What Futurewave built with Daniel Son is very different: the quality control has been world class, and their allegiance to the filthiest of boom bap dirt sermons has earned them the respect of their peers and their idols. No amount of work ethic or bribe money can replicate that.
It might seem ridiculous to say their crew put Toronto on the map, but: they did. No disrespect to Ghetto Concept, either; that catalog holds up today but they could never write or spit like this. You can talk about Billboard numbers all you want, but Choclair, K’naan, K-os, Snow, Drake, none of these cats are really moving the dial in terms of the kind of authenticity that DITC or Mobb Deep are synonymous with. That’s exactly what Futurewave has built for his team, one flawless beat at a time.

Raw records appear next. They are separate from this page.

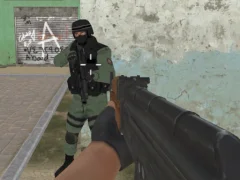 Permainan Commando Attack secara online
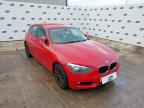 2013 BMW 1 SERIES 116D EFFICIENTDYNAMICS 5DR for sale at Copart ST HELENS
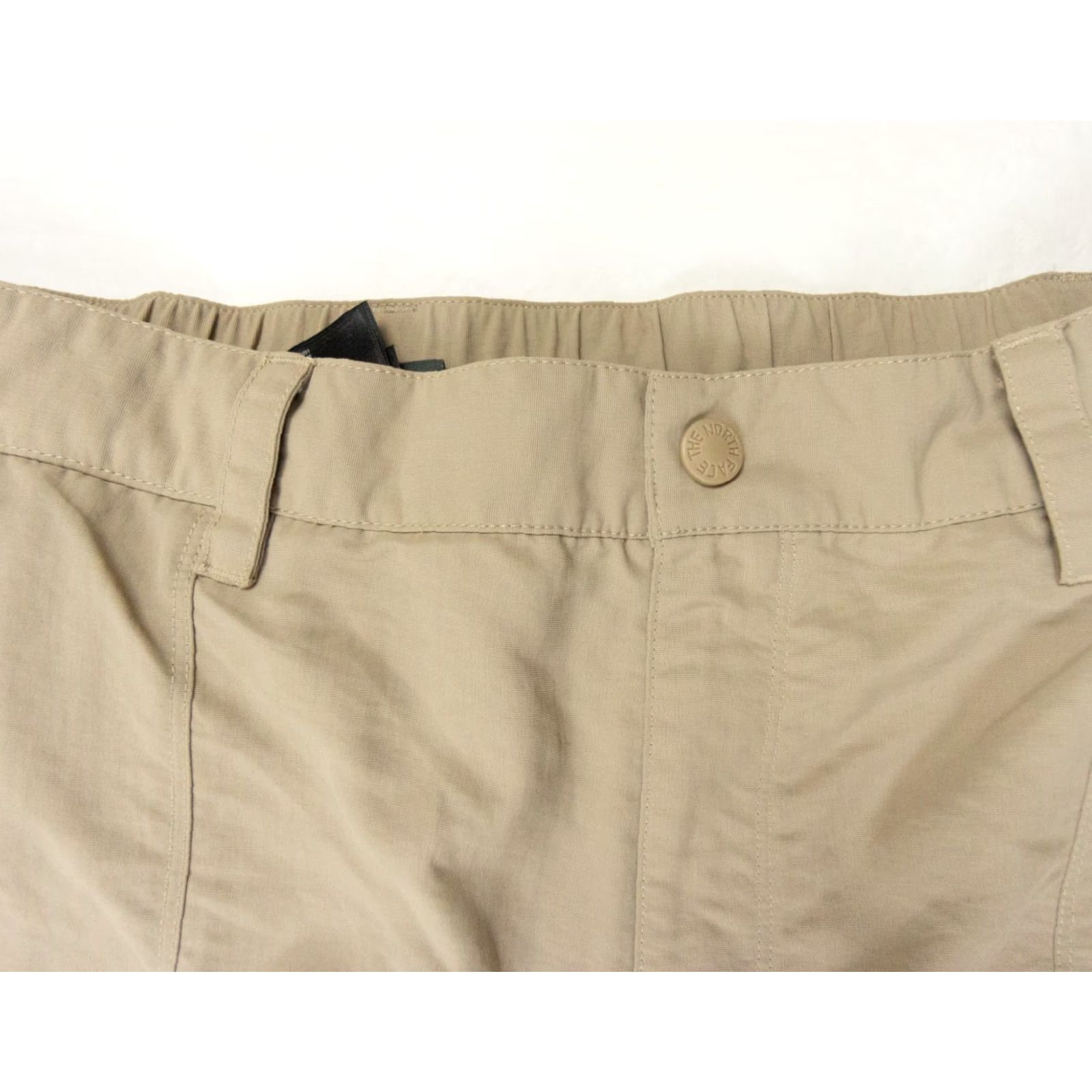 The North Face The North Face Mens Pants Cargo Convertible Regular Beige Large - 29in Inseam, Nylon Outdoor Workwear Size US 33 - 3 Thumbnail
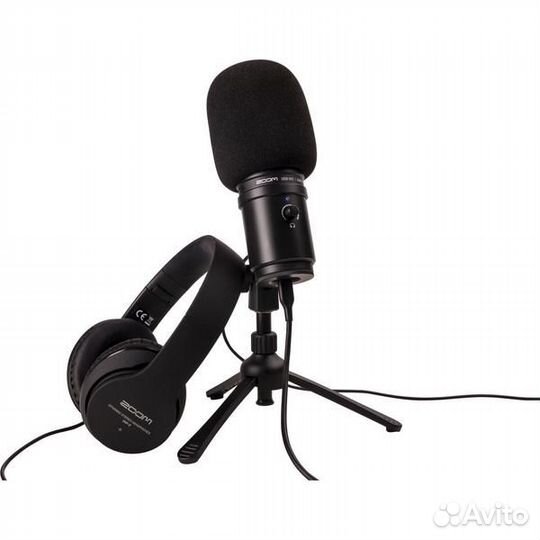 USB-микрофон Zoom ZUM-2 Podcast Mic Pack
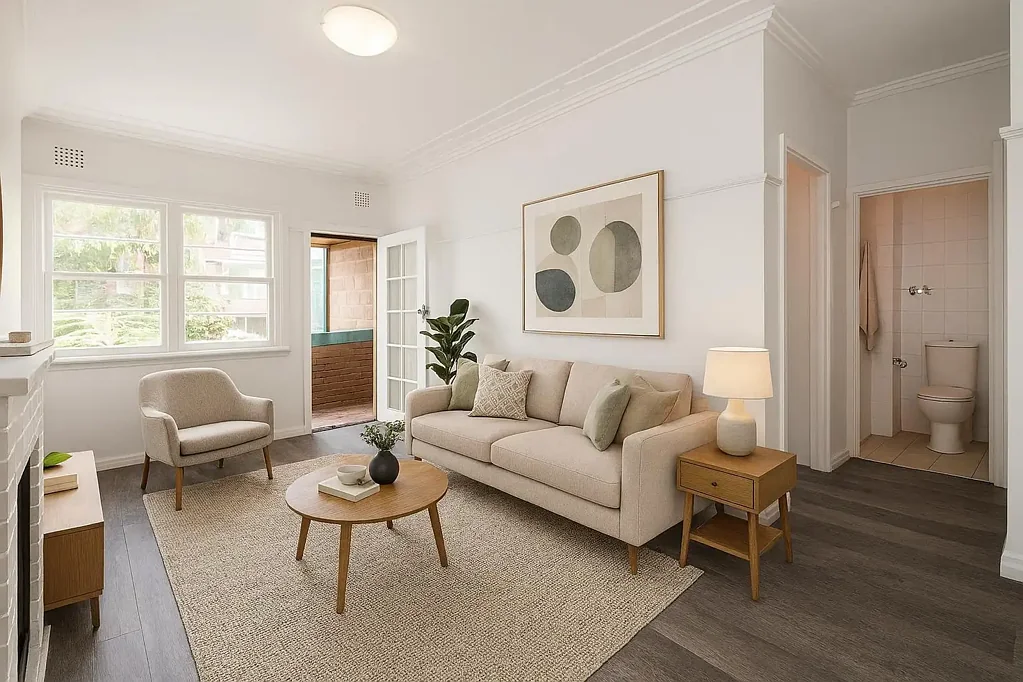 Charming Art Deco Apartment in Prime Rose Bay Location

Flawless is important to quantify here. I’m sympathetic to producer snobs who feel his stripped-down canvases are too simple, but that’s because I, too, still make the mistake of trying to over-complicate the funk. We’re the ones doing it wrong, not Nicholas Craven or August Fanon.
So it’s not that every beat Futurewave signs his name to is revolutionizing the artform; it’s that nothing he’s ever dropped has a single detail out of place. That only sounds easy or simple to people who have never seriously attempted this. That goes triple for those of you who own great gear, been doing this for decades, and you’re still posting up mediocre microwaved meals on your little digital platforms.
“No Man’s Land” is potent writing, full of rich sensory details, juggling flow patterns like a professional killer. His pen game is subtle & smart brutalist architecture. Daniel Son loves to sound simple for a few bars then bend a steel chair over your skull a few seconds later. His delivery has always been his greatest weapon, tucked in the acceleration space between 60 mph and 90 mph. Even his most laid back verses bring more juice to the booth than 99% of his living competitors.
I had to run this back a few times to make sure I wasn’t being too generous, but facts are facts. This is a single, bud. No notes on this one. A short, urgent blast of spoken cinema over some luxuriant grime, I believe this this to be a more or less perfect rap song. Five Dickies.